Using a file-system rather than a disk brings the following benefits:

  • it can be directly extracted into RAM as the root file system since it uses cpio format, a sequential archive format that’s fast to extract
  • the memory can be dynamically allocated, so there is no fixed-size limitation as initrd
  • the process is faster because there is no reason to perform pivot_root or switch_root

For this reason, initramfs has replaced initrd.

Debugging and inspecting Kernel

The dmesg (display message or driver message) command in Linux displays kernel-related messages, particularly those related to hardware events and drivers. These messages are stored in the kernel ring buffer and can be very useful for debugging hardware, driver, and system boot issues. It can be used in watch mode -w or in combination with less or grep.

Systemd

Systemd was born as a simple replacement for initd but provides additional features such as logging, network configuration, network time synchronization.
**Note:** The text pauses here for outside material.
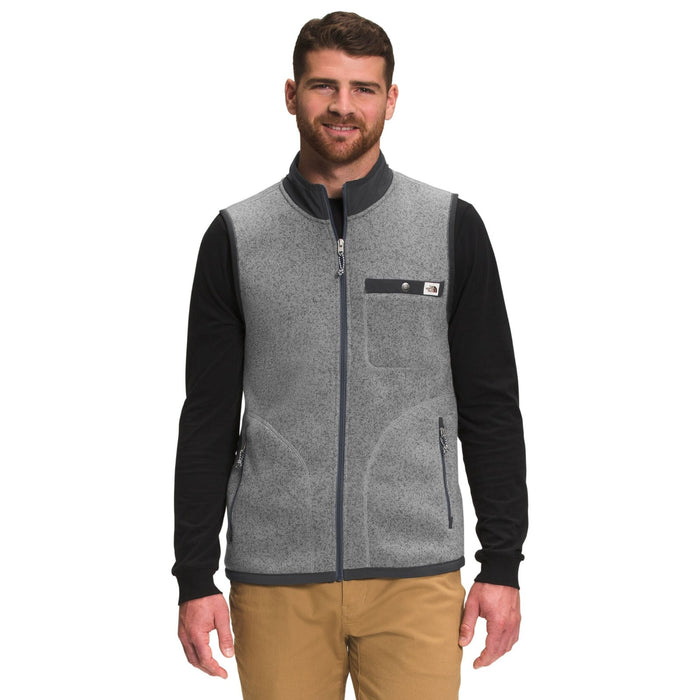 The North Face Gordon Lyons Full Zip Vest – Men's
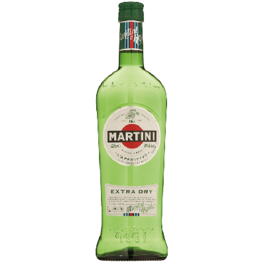 Aanbieding van Martini Extra Dry 75 cl voor 6,99€ bij Dirck III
Its adoption started with Fedora in 2011 and since 2015 is used in Ubuntu, Debian and many other distributions, making it the de-facto init system currently executed by all modern versions of Linux [[sys Compared to init, systemd is also capable of starting services when dependencies are met rather than in alphabetical order, making startup faster

Tip

If you don’t know if you are using systemd, you can run stat /sbin/init

Units

Systemd distinguish a number of units such as: service, timer, mountpoint, swap, network socket, device (for udev or sysfs filesystems), path, slice(for cgroups) and uses the following paths:

  • /lib/systemd/system for package-installed units
  • /etc/systemd/system for System admin–configured units
  • /run/systemd/system for nonpersistent runtime modifications

Systemctl crash course

Systemctl is a command line used to interact with systemd.

Listing units

systemctl list-units --type=service
systemctl list-units --type=service --state=running
systemctl list-units --failed
 

Listing dependencies

systemctl list-dependencies sshd.service

Checking service enablement

systemctl is-enabled htg-example.service

Starting, stopping, restarting service or getting a status

sudo systemctl start htg-example.service
sudo systemctl status htg-example.service
sudo systemctl stop htg-example.service
sudo systemctl restart htg-example.service

Enabling at startup / disabling at startup

sudo systemctl enable htg-example.service
sudo systemctl enable --now htg-example.service
sudo systemctl disable htg-example.service

Utilities

Systemd comes with multiple utilities such as bootctl to manage the available boot loaders and check the bootloader status, timedatectl to set time and date, coredumpctl to process saved core dumps.

Journalctl

The journal is a binary file managed by systemd-journald and provides a centralized location for all messages logged by systemd components. It provides options to filter the journal, such as the -u (unit) to specify the service you’re interested and the -S (since) option to show entries that have happened since the time you provide.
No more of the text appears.